Search code examples
rgettimeouthttr

How to refresh or retry a specific web page using httr GET command?


I need to access the same web page with different "keys" to get specific content it provides.

I have a list of keys x and I use the GET command from httr package to access the web page and then retrieve the information I need y.

library(httr)
library(stringr)
library(XML)

for (i in 1:20){
    h1 = GET ( paste0("http:....categories=&query=", x[i]),timeout(10))
    par = htmlParse(file = h1)

    y[i]=xpathSApply(doc = par, path = "//h3/a" , fun=xmlValue)

}

The problem is that timeout is often reached, and it disrupts the loop.

So I would like to refresh the web page or retry the GET command if timeout is reached, because I suspect the problem is with the internet connection of the website I am trying to access.

The way my code works, timeout breaks the loop. I need to either ignore the error and go to next iteration or retry to access the website.


Solution

  • Look at purrr::safely(). You can wrap GET as such:

    safe_GET <- purrr::safely(GET)
    

    This removes the ugliness of tryCatch() by letting you do:

    resp <- safe_GET("http://example.com") # you can use all legal `GET` params
    

    And you can test resp$result for NULL. Put that into your retry loop and you're good to go.

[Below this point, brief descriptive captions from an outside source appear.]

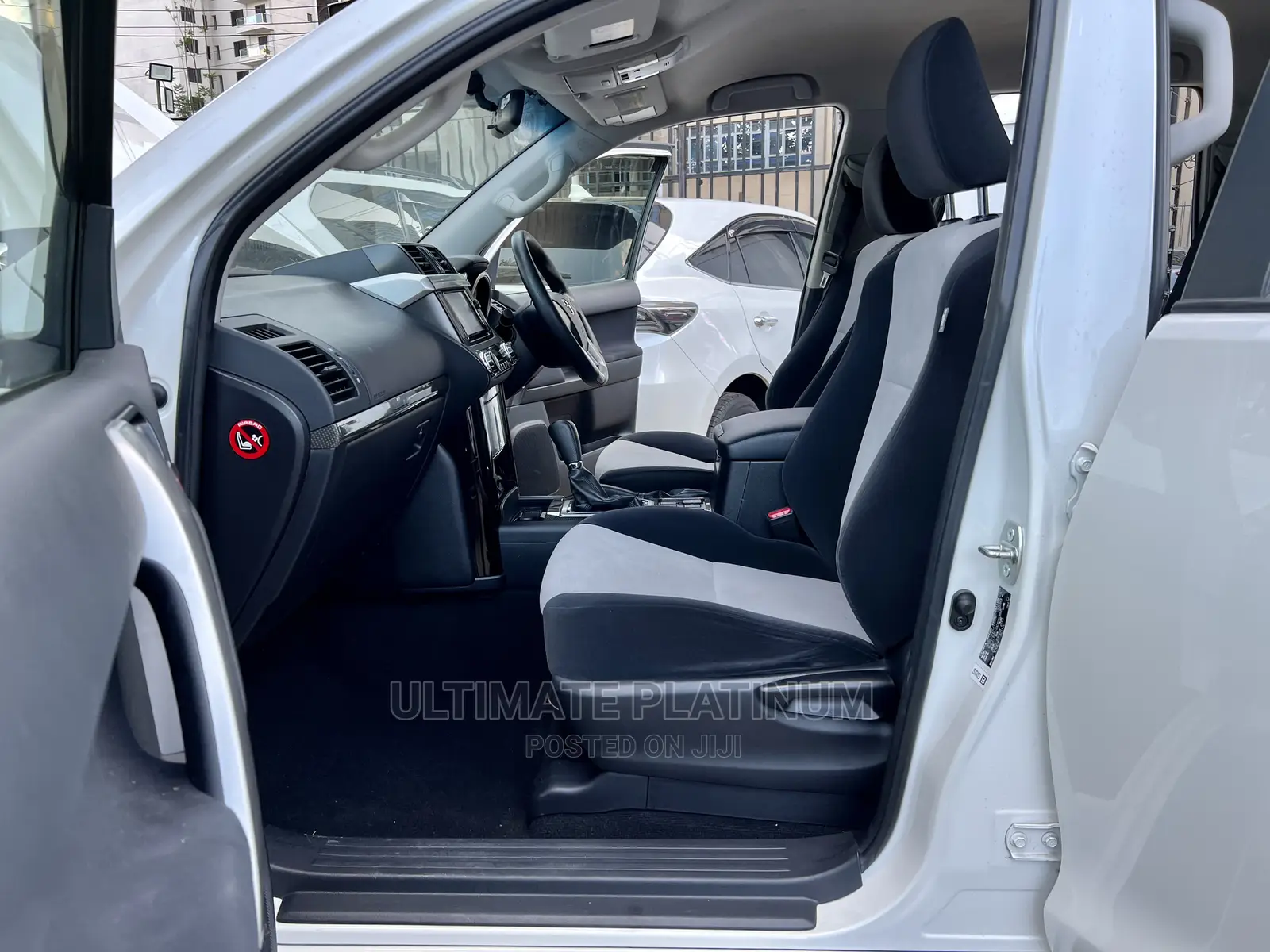Toyota Land Cruiser Prado 2015 White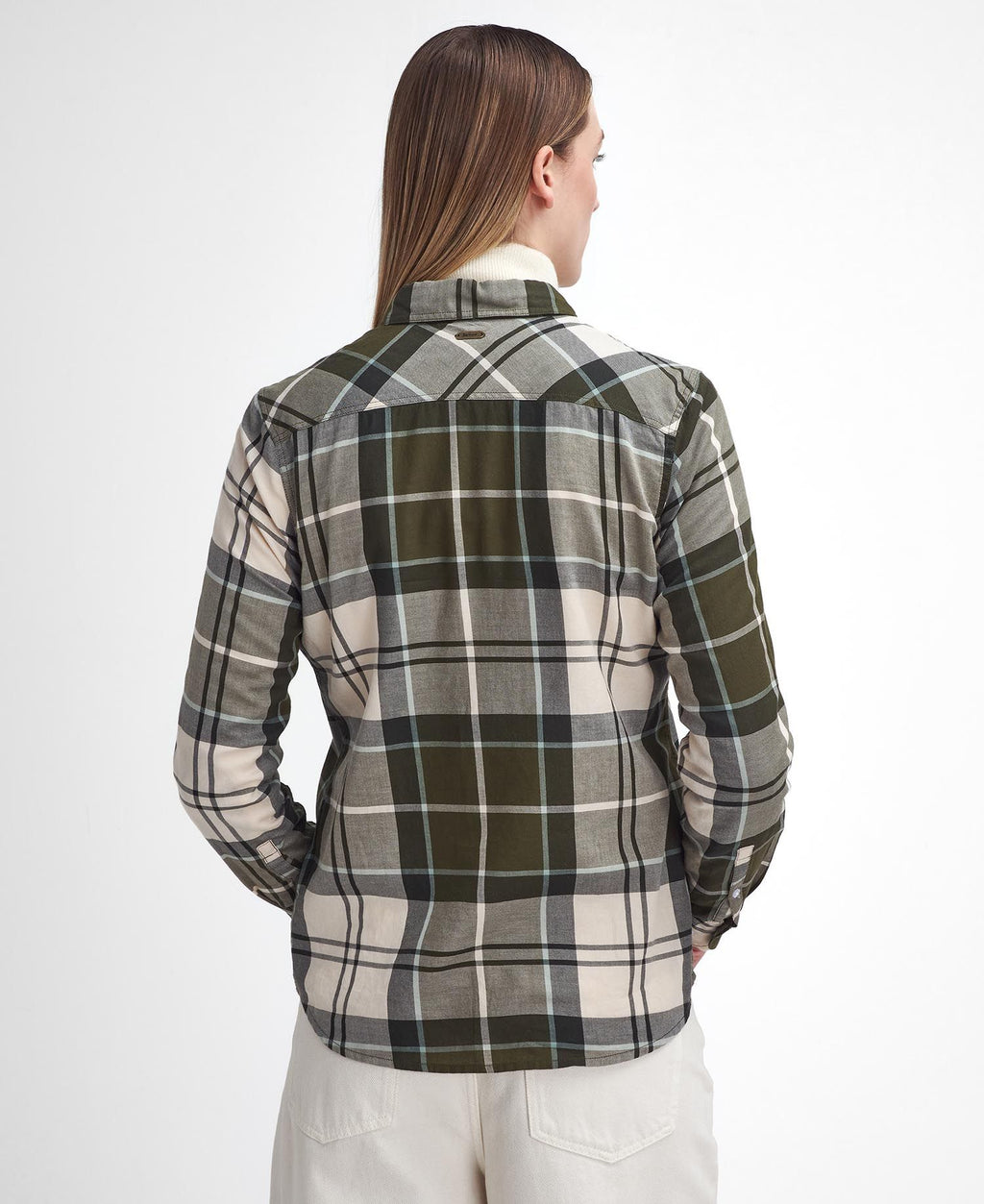 Blouses lange mouw multicolor Barbour
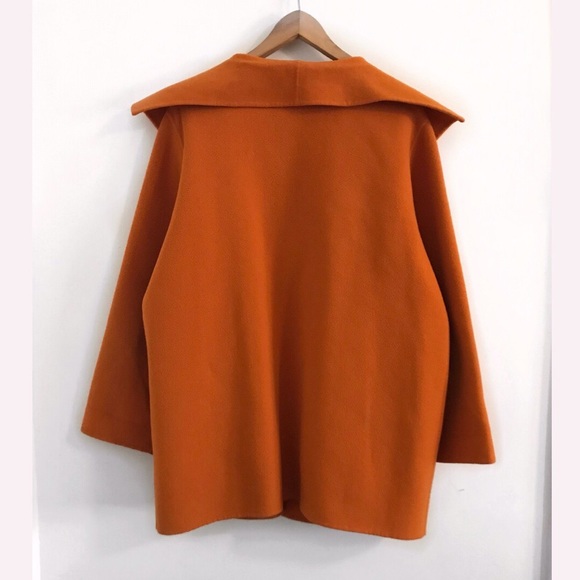 Eileen Fisher Coat Jacket open blazer size L - Picture 2 of 4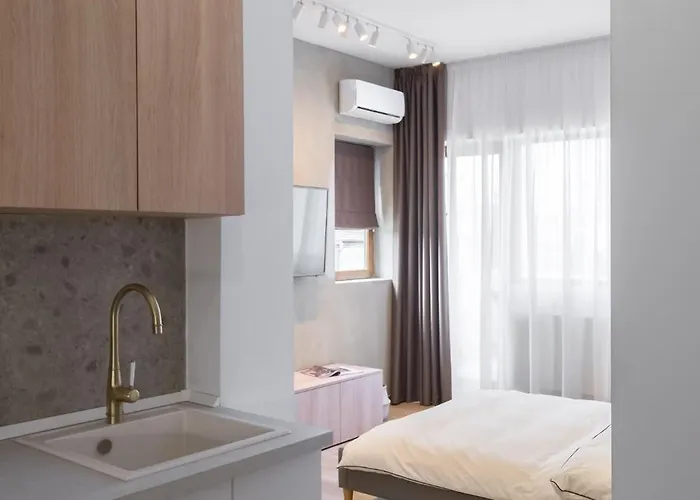 Apartman Pitar Mos - Downtown Bukarest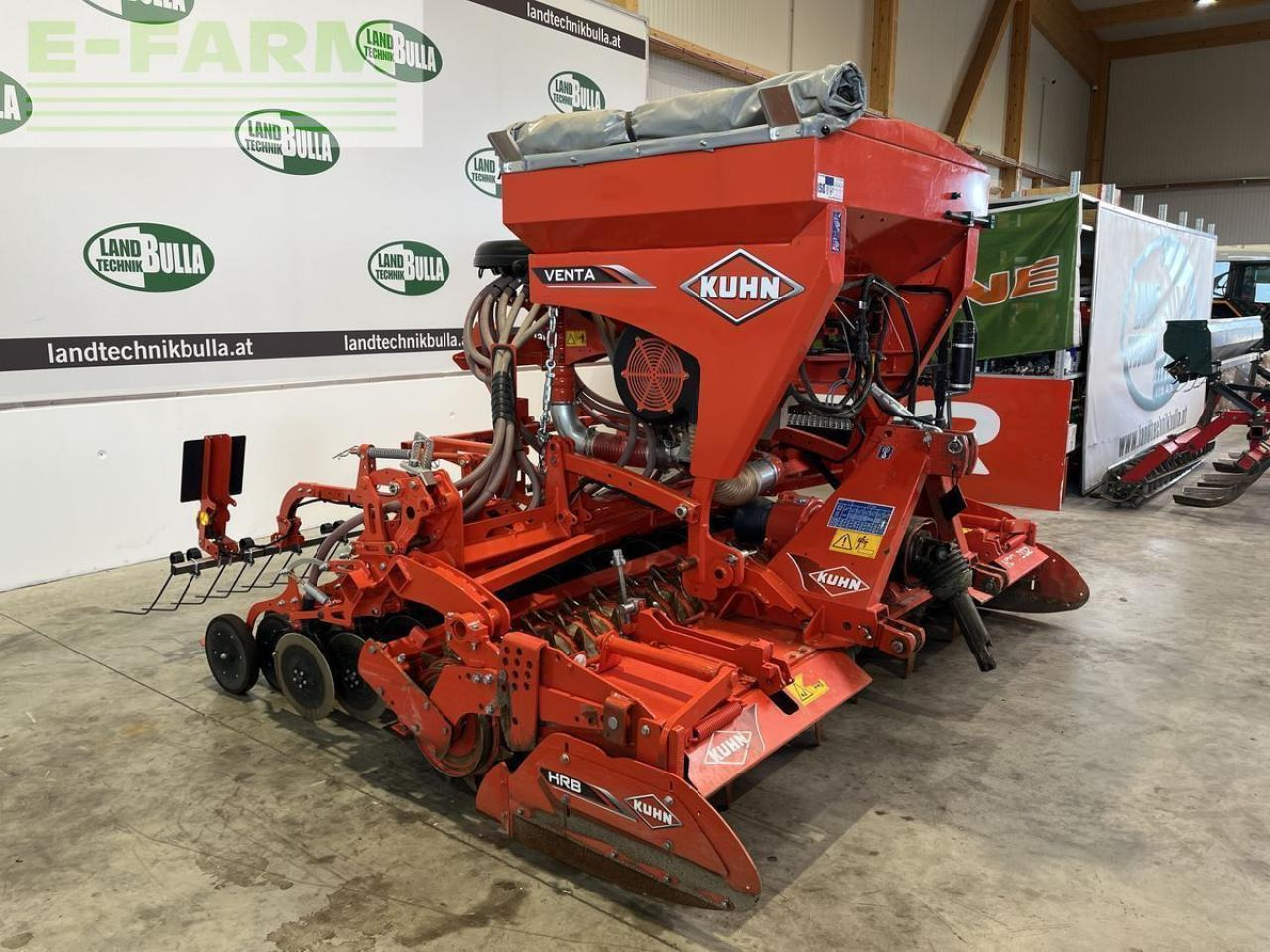 Kuhn hrb 302 mit venta 330-24 - Combinado de siembra: foto 2 Kuhn hrb 302 mit venta 330-24 - Combinado de siembra: foto 2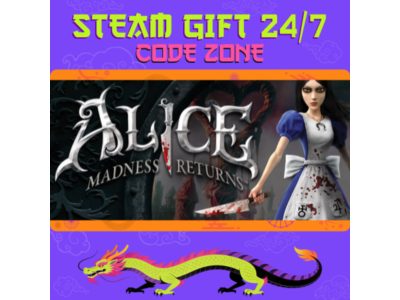 Alice Madness Returns || Steam Gift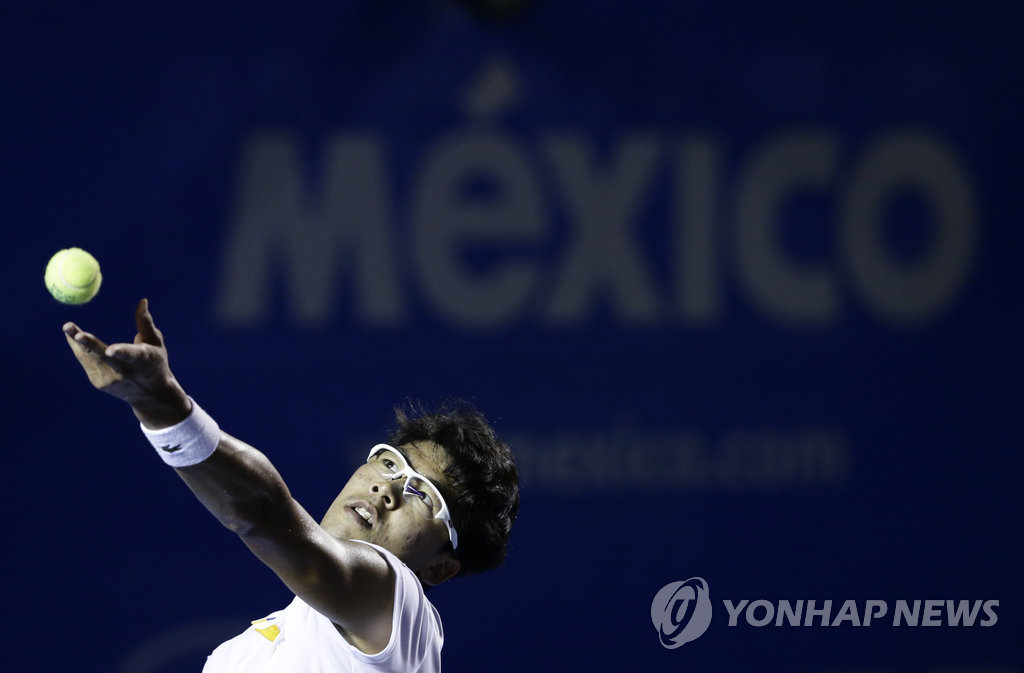 정현, 남자테니스 세계 랭킹 26위…역대 한국인 최고 순위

    You can see this in action by doing:

    str(safe_GET("https://httpbin.org/delay/3", timeout(1)))
    

    which will ask the httpbin service to wait 3s before responding but set an explicit timeout on the GET request to 1s. I wrapped it in str() to show the result:

    List of 2
     $ result: NULL
     $ error :List of 2
      ..$ message: chr "Timeout was reached"
      ..$ call   : language curl::curl_fetch_memory(url, handle = handle)
      ..- attr(*, "class")= chr [1:3] "simpleError" "error" "condition"
    

    So, you can even check the message if you need to.